Dust and uncontrolled fires cause poor air quality in March and April around Chiang Mai and Northern Thailand. The fires are an annual event that the government has not been able to control. People with allergies to smoke or dust will be better off visiting at a different time of year.
Weather in the Thai Islands
The weather in the Thai islands is affected by more than just the time of year; storms at sea can bring rain even during the dry months.
Rain begins around April and tapers off in October on the west coast for islands in the Andaman Sea such as Koh Lanta and Phuket. The islands such as Koh Tao and Koh Phangan in the Gulf of Thailand see the most rain between October and January.
Some islands such as Koh Lanta practically close down during the monsoon season. While you'll still be able to arrange transportation there, your eating and accommodation choices will be very limited.

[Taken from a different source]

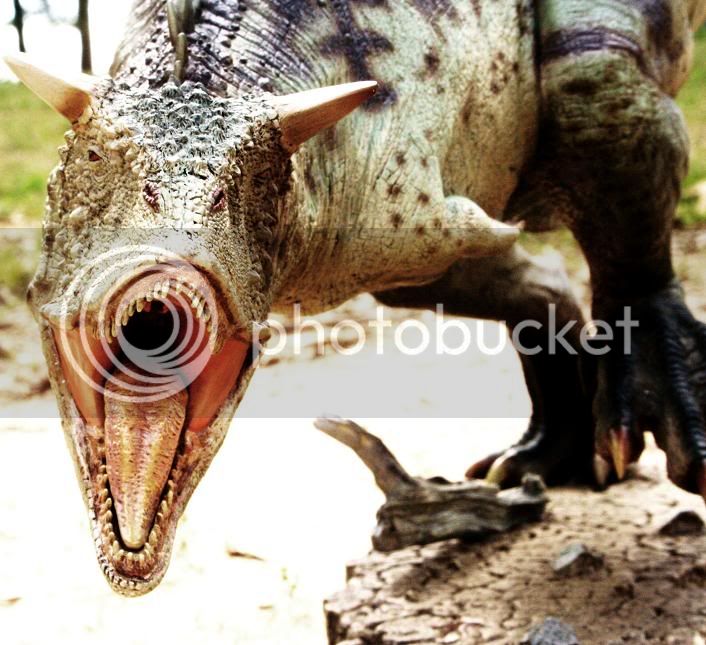 carno1.jpg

Read about Koh Lanta weather to better understand the distinct seasons there.
Koh Chang in the Gulf of Thailand is hit hard by monsoon rain between June and September; many guesthouses close down for the season.
- See a list of popular islands in Thailand to visit.
Busy Times and Festivals in Thailand
The Christmas and New Year holidays tend to attract large crowds to Bangkok, then the busy season climbs steadily from January onward.
An unofficial busy season hits the islands in Thailand around June as many university students from Europe and Australia head out to party on islands such as Koh Tao, Koh Phangan, and Koh Phi Phi. The islands quiet down again slightly after the students finish their summer breaks.
The largest festivals in Thailand tend to make accommodation prices skyrocket and transportation fills up before and after the celebration.
Chiang Mai is the epicenter for Songkran, the Thai new year and water festival, around the middle of April. Accommodation and transportation are completely booked both before and immediately following the festival.
The Haad Rin area of Koh Phangan in the Gulf of Thailand attracts enormous crowds of revelers each month bound for the famous Full Moon Party; accommodation around Haad Rin hits maximum capacity. See a list of Full Moon Party dates to plan your visit accordingly.
The Loi Krathong and Yi Peng festivals attract huge crowds to Chiang Mai and bog down transportation. Dates change annually, however, the festival is usually around November.